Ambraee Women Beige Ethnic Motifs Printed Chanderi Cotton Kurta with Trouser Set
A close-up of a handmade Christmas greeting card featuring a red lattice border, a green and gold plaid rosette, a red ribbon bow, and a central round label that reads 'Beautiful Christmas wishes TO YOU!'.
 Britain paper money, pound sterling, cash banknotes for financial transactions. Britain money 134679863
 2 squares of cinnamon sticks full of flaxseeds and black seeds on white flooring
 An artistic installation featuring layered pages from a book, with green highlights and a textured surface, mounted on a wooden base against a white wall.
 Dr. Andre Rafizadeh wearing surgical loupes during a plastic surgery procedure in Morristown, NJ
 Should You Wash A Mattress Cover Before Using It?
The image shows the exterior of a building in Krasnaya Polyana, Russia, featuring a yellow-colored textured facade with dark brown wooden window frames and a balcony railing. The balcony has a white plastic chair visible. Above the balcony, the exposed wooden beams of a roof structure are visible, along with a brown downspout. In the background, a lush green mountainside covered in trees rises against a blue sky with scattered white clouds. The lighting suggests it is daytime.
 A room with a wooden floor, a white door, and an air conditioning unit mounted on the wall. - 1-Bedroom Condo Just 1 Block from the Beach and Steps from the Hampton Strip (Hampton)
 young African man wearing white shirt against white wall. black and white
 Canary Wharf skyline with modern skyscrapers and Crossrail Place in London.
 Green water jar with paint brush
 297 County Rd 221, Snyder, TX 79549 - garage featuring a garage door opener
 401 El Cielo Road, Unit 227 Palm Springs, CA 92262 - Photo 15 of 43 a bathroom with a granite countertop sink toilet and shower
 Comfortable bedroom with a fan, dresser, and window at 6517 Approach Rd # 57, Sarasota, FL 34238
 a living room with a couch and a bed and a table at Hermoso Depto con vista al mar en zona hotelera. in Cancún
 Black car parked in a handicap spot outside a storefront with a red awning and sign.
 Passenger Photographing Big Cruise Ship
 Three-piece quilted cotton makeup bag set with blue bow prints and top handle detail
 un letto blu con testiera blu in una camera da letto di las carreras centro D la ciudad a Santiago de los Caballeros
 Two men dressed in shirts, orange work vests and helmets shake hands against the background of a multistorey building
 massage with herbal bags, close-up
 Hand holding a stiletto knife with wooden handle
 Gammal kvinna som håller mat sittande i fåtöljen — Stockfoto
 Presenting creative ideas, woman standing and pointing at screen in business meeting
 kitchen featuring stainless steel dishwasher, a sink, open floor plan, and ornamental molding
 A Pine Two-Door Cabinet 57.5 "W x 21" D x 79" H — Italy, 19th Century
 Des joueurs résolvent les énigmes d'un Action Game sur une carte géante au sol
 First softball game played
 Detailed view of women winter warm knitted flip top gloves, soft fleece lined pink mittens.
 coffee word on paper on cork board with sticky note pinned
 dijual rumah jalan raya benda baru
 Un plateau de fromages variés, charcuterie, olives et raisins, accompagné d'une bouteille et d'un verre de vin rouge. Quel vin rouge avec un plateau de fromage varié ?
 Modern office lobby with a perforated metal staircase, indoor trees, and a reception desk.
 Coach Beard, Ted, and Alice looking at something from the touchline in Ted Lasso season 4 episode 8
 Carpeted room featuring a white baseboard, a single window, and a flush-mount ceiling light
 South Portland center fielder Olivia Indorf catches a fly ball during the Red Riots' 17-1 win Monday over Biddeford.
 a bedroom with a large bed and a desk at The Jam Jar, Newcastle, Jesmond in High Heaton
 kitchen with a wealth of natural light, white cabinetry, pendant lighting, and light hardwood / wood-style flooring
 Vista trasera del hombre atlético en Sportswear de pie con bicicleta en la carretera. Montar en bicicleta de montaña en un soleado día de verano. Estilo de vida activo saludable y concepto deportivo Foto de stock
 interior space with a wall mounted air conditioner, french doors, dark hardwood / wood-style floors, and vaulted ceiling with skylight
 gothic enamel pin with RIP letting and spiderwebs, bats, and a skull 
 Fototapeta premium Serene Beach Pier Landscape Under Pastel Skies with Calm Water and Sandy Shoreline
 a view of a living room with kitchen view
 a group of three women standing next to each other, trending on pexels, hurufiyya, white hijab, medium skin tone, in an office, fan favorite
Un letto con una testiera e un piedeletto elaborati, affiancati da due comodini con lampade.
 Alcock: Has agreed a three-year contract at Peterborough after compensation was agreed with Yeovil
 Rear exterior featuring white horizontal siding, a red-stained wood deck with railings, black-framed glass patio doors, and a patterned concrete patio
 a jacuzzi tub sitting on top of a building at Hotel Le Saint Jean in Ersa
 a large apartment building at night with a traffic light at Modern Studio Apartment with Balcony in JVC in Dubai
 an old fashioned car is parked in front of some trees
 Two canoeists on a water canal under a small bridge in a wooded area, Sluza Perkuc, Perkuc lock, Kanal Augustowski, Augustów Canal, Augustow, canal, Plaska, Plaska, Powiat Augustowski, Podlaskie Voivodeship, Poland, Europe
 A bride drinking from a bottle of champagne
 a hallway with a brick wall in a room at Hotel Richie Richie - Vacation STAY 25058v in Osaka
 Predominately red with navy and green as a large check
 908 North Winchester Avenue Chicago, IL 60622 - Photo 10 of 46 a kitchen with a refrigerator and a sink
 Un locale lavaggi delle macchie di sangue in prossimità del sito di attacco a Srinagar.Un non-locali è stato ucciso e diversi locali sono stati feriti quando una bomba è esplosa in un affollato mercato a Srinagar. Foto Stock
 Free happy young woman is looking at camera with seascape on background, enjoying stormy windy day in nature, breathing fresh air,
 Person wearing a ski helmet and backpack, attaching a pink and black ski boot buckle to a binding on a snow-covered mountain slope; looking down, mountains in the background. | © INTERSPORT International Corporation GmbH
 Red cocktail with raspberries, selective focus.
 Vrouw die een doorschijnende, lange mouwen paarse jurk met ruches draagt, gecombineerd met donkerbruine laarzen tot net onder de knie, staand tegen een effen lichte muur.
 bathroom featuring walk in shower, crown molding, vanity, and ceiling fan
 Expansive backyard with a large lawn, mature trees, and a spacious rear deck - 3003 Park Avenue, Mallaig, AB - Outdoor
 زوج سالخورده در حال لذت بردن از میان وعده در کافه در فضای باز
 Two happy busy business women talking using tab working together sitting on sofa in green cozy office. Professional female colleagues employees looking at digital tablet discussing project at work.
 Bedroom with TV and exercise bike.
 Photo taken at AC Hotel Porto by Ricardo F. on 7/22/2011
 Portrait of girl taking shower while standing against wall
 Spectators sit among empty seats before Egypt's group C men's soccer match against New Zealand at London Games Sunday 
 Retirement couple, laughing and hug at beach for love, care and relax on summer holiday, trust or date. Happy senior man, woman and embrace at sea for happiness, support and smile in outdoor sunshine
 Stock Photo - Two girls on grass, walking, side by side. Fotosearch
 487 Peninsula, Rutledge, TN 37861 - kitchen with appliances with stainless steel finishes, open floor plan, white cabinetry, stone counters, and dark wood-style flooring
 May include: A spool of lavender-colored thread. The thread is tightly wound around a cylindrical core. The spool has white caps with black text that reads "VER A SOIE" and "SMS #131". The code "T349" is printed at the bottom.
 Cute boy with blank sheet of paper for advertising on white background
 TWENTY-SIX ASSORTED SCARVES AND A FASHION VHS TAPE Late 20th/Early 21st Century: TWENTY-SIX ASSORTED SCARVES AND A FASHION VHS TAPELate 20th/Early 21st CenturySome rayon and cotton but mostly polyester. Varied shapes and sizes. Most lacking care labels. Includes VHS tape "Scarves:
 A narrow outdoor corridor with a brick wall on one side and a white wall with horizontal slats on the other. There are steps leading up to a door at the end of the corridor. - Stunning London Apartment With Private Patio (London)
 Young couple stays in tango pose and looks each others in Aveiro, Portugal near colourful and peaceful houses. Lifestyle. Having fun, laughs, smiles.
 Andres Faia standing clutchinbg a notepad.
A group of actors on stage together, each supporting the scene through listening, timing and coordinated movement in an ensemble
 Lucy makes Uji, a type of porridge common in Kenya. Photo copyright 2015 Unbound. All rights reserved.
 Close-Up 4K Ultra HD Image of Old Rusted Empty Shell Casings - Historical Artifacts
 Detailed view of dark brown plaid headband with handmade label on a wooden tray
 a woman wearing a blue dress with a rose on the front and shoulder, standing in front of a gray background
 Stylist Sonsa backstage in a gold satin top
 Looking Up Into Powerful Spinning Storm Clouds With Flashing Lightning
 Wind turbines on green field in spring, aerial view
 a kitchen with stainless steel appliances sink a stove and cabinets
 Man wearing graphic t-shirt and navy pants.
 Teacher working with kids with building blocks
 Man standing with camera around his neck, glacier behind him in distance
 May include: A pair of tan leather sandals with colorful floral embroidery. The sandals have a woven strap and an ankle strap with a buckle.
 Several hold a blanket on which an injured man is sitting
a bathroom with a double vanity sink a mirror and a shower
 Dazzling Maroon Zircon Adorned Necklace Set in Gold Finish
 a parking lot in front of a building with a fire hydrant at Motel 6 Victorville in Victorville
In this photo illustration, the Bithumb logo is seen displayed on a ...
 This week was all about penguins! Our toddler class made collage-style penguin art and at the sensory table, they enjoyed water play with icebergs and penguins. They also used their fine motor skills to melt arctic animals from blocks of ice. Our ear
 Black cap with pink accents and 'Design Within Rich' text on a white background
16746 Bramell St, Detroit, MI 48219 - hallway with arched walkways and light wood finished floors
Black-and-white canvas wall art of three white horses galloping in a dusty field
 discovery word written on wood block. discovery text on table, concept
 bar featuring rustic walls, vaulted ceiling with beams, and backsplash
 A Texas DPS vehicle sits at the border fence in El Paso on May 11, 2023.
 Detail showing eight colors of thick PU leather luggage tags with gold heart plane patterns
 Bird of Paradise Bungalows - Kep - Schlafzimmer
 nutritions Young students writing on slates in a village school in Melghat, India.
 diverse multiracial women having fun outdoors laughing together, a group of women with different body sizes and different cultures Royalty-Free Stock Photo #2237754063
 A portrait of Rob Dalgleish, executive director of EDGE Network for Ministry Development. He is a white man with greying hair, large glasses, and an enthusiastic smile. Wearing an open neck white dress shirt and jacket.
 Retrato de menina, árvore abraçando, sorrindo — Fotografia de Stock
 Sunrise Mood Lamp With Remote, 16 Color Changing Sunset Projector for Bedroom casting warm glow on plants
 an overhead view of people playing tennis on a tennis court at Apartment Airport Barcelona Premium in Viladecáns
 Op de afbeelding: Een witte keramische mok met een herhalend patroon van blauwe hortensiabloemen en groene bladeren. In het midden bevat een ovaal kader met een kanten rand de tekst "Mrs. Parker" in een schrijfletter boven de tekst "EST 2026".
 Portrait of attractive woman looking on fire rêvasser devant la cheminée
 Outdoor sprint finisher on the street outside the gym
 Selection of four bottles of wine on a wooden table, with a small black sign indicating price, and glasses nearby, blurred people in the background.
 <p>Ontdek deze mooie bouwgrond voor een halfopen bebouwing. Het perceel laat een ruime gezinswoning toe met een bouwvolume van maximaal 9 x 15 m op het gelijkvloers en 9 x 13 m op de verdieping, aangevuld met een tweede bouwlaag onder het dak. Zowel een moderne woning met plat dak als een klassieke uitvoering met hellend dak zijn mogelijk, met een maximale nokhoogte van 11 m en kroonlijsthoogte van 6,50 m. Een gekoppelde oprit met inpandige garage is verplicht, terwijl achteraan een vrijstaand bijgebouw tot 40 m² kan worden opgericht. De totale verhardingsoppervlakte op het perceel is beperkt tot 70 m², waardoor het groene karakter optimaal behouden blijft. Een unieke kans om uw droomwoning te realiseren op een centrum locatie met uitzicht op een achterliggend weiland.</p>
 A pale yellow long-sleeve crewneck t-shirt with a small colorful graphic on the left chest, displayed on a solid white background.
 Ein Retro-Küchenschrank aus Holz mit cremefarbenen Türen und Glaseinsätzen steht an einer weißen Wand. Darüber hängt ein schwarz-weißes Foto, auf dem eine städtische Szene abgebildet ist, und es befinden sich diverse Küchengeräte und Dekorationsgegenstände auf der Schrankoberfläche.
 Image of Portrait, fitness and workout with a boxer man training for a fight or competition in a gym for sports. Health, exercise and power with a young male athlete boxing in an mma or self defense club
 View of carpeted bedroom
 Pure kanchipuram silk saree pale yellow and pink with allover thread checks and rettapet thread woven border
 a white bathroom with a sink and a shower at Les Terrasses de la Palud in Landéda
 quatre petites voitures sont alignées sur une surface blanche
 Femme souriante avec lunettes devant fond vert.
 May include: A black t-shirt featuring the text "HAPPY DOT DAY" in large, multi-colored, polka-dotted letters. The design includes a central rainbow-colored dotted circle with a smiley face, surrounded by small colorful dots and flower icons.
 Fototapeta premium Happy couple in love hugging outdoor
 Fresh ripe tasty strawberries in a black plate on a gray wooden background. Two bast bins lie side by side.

**The task:**
Every line in the records above that contains the word "vanity" should be copied out.

**Your solution:**
 bathroom featuring walk in shower, crown molding, vanity, and ceiling fan
a bathroom with a double vanity sink a mirror and a shower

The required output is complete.